Betsson has through its different subsidiaries a solid technical position. The opportunity starts with the customer, the vision is to offer the best user experiences in the industry. First-class user experiences are critical, as such, investments in innovation and technology are continually made to strengthen the product offering.The operational subsidiaries' gaming sites are largely run on a proprietary platform, which makes up the core of the offering and user experience, covering games, transactions, payments, customer information and account management. By owning its technology, the Group is flexible and can adapt more rapidly to market changes and it also enables fast integrations across jurisdictions and brands.
The products mainly consist of casino and sportsbook, with the largest category within the casino vertical being slots, followed by live casino, poker, lottery and bingo. The casino offering includes approximately 5,000 games, of which more than 4,000 are available on mobile devices. The various brands offer one of the market's largest selection of games and sports betting with a local focus tailored to the consumer.
Betsson is investing in developing its proprietary sportsbook, creating both a solid technical platform and flexible odds compiling which can be optimised depending on the market demand for and availability of sporting events. The sportsbook is being continuously optimised for specific needs on local sportbook markets and is offered to in-house brands and sold B2B.
Industry market data indicates that the entire gaming market, including offline and online gaming, is worth approximately EUR 298 billion in 2020 and is estimated to grow 9.1 percent annually up until 2025 to a total of EUR 460 billion.

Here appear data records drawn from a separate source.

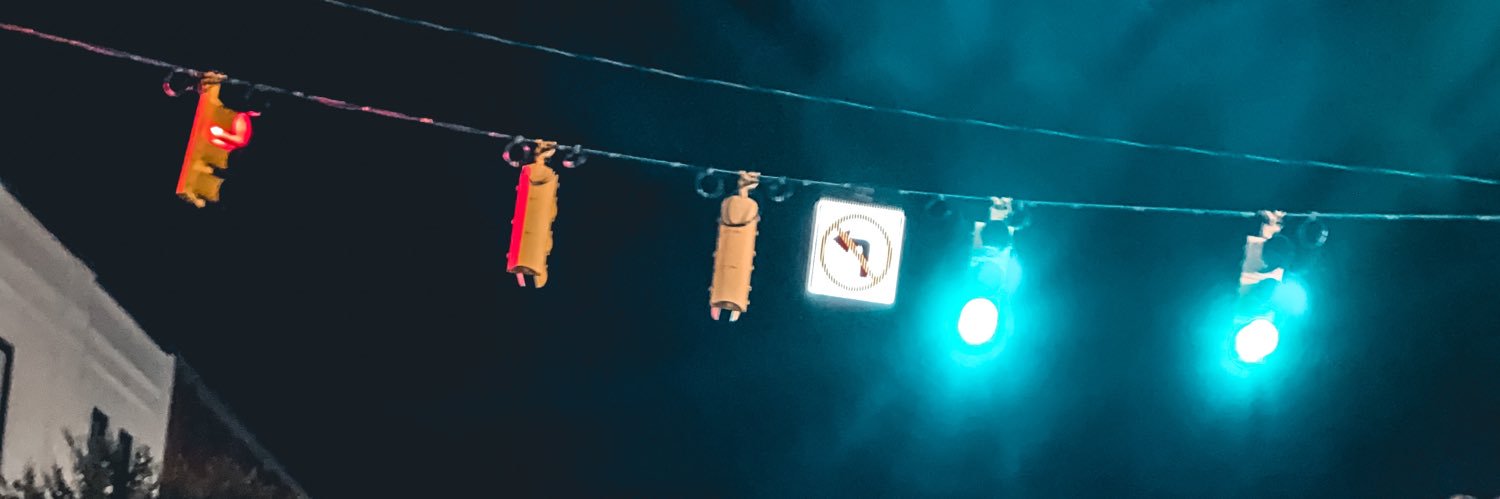 mackey_valli's profile banner image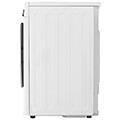 stegnotirio me antlia thermotitas lg rh80v9av3n 8kg extra photo 15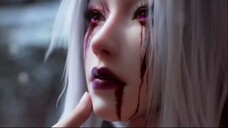 Eclipse of Illusion Episode 01 Sub Indo
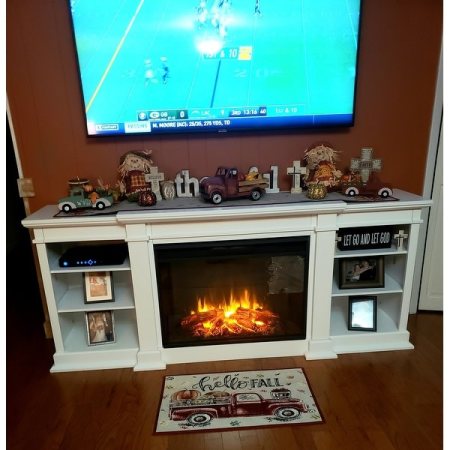 Customer image 46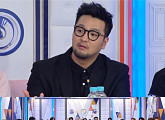 '불후의명곡' 김태우, 스페셜 MC 등장…"문희준 신혼여행 대신"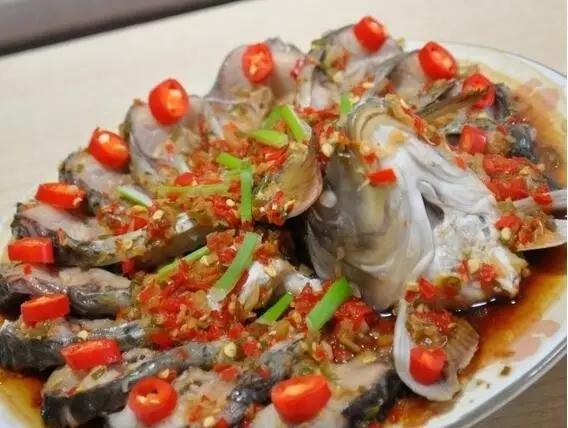 食物相克是真是假一起来看看,这6大食物相克是谣言别再被坑了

Online gaming is expected to grow to an estimated share of 20.1 percent in 2025. (Source: H2GC, January 2021).
More countries are introducing local regulations with licensing regimes for online gambling, enabling operators to compete on equal terms, gaining access to new customers with more effective marketing channels and payment solutions, while protecting consumers in a safe and secure gambling environment.
Local regulations entail increased demands and costs which benefit operators with scalable, proprietary platforms. Consolidation typically increases in regulated markets, which can create opportunities for Betsson, through both organic growth and growth through strategic acquisitions.
The gambling industry is largely regulated. Political decisions, interpretations of laws and new regulations in different states, may substantially effect Betsson´s profitability and financial position. Betsson's operational subsidiaries operate its businesses under 17 gaming licences issued in Malta, Argentina (province of Buenos Aires),Colombia, Croatia, Denmark, Estonia, Georgia, Germany, Great Britain, Ireland, Italy, Kenya, Latvia, Lithuania, Spain, Sweden and USA (Colorado).
Pressure continues to be put on EU/EEA countries to adapt their national legislation to comply with applicable EU law. While a number of states have already successfully reregulated the industry and others have announced that they are working on new legislation in line with the EU framework, a number of others are lagging behind, either having reregulated in ways which challenge the European framework or not yet having taken concrete steps towards re-regulation.
The new Remote Gambling Act was planned to enter into force on 1 March 2021, however, due to further delays the licensing process will not start before 1 April 2021. The first wave of licences was expected to go live on 1 September 2021 but this is also delayed by one month. Operators sitting out the "cooling off period" (now 2 years and 9 months in total as per confirmation by the Government in January 2021), are expected to be issued licences towards the end of 2021 as part of the so-called second wave. The cooling off period will
be applied towards those operators who are deemed to have actively targeted the Dutch players in the past (e.g. through use of local payment instruments such as iDeal, by advertising aimed at the Netherlands or through use of a Dutch domain name). This means that many operators, including Betsson, cannot immediately apply for a Dutch online gambling licence in April 2021 due to having actively targeted the Dutch market at any time in the 33 months in total prior to the date of their licence application. As advised by the regulator, earlier application will trigger stricter treatment of operator in the reliability assessment.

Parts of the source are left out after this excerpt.